AIM OF THE TASK:
First find the line with "Fran Silvestre Arquitectos" in the entries below, then set down exactly every line through the line with "Der Oscarpreisträger und", that line included.
-=-=-
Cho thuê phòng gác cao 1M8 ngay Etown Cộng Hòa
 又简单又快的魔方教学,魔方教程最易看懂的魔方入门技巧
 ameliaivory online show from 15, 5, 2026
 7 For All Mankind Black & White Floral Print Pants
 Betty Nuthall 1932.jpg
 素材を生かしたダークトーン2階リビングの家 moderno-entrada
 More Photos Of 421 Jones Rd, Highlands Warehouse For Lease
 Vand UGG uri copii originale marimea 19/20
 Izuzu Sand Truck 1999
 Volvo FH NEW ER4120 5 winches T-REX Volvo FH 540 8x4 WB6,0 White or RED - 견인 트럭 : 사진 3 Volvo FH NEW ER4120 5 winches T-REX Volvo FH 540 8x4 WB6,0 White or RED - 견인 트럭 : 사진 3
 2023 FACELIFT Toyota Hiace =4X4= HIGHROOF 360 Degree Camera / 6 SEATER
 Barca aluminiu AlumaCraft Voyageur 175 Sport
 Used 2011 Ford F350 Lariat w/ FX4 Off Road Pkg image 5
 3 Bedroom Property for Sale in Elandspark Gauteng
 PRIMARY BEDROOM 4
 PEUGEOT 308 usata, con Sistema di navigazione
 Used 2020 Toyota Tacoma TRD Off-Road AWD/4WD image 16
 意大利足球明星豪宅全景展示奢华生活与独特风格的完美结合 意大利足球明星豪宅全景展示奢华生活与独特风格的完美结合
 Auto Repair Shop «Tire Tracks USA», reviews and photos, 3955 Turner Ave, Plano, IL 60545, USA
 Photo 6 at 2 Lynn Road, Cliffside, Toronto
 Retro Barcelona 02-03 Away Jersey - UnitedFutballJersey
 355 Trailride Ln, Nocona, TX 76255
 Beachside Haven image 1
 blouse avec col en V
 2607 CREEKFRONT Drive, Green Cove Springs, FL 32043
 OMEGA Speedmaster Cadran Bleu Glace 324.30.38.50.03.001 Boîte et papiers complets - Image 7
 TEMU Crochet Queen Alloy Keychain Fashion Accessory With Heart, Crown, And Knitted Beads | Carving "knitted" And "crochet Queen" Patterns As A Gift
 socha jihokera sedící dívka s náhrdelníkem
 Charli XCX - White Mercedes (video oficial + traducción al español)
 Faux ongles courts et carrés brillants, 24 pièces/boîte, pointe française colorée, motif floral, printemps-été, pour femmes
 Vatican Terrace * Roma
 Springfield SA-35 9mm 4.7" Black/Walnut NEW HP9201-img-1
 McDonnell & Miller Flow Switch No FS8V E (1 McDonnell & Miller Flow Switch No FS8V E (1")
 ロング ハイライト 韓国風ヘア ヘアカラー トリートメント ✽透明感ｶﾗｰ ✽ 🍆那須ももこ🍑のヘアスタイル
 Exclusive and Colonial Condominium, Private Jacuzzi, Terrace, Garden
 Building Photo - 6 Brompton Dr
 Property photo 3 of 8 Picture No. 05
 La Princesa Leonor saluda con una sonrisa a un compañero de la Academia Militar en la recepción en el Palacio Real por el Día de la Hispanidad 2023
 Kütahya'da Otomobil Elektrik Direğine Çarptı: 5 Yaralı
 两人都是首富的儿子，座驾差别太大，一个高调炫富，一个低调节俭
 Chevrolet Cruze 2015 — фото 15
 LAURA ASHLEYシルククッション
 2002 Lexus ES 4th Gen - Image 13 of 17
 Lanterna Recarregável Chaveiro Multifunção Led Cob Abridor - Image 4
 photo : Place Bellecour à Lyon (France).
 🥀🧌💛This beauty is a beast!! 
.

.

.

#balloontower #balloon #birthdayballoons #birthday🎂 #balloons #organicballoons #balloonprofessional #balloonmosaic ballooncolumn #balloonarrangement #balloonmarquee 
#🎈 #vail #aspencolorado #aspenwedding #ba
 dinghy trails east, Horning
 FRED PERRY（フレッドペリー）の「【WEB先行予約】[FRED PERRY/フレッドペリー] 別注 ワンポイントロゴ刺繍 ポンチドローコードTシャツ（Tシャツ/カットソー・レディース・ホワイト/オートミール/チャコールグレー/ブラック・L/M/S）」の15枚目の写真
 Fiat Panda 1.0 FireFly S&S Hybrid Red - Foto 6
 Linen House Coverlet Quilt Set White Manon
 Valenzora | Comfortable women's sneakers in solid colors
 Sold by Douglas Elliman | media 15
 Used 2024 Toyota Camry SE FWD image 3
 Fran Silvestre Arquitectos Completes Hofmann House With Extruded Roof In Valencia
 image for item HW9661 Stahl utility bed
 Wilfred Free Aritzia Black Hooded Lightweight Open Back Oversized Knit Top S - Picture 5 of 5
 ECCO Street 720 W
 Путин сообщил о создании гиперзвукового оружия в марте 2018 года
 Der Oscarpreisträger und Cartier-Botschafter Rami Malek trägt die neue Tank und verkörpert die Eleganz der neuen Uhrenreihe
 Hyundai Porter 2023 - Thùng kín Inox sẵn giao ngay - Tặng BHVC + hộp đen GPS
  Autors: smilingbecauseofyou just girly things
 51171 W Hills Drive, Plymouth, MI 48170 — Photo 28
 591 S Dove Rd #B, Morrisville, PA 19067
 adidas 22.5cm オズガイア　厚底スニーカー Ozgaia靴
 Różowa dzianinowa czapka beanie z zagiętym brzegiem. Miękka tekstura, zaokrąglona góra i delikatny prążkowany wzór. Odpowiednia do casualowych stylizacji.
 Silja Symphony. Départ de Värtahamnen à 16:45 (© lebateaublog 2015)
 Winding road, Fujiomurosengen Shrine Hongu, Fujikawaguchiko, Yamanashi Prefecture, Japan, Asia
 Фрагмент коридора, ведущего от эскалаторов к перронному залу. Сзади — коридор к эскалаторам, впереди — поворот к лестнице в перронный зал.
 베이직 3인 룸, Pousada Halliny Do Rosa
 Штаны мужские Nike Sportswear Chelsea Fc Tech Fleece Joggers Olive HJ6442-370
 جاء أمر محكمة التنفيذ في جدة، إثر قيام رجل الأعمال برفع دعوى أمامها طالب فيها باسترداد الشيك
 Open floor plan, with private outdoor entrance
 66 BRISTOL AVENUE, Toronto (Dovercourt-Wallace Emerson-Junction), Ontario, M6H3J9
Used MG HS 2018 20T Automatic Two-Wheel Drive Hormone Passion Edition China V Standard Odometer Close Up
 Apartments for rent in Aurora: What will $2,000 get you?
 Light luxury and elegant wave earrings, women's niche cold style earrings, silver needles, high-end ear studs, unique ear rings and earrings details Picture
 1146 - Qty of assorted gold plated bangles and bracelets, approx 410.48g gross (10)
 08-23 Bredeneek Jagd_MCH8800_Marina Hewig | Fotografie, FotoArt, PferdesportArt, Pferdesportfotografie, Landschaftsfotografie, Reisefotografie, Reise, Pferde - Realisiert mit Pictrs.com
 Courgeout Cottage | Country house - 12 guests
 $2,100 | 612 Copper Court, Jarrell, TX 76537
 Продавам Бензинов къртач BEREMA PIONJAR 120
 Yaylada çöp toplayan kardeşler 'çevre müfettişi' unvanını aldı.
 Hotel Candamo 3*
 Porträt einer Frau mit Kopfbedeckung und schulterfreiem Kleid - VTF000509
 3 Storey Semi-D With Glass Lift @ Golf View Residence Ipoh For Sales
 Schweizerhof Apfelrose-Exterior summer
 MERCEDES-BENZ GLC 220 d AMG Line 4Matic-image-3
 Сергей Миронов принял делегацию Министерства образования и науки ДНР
-=-=-
EXERCISE SOLUTION:
 Fran Silvestre Arquitectos Completes Hofmann House With Extruded Roof In Valencia
 image for item HW9661 Stahl utility bed
 Wilfred Free Aritzia Black Hooded Lightweight Open Back Oversized Knit Top S - Picture 5 of 5
 ECCO Street 720 W
 Путин сообщил о создании гиперзвукового оружия в марте 2018 года
 Der Oscarpreisträger und Cartier-Botschafter Rami Malek trägt die neue Tank und verkörpert die Eleganz der neuen Uhrenreihe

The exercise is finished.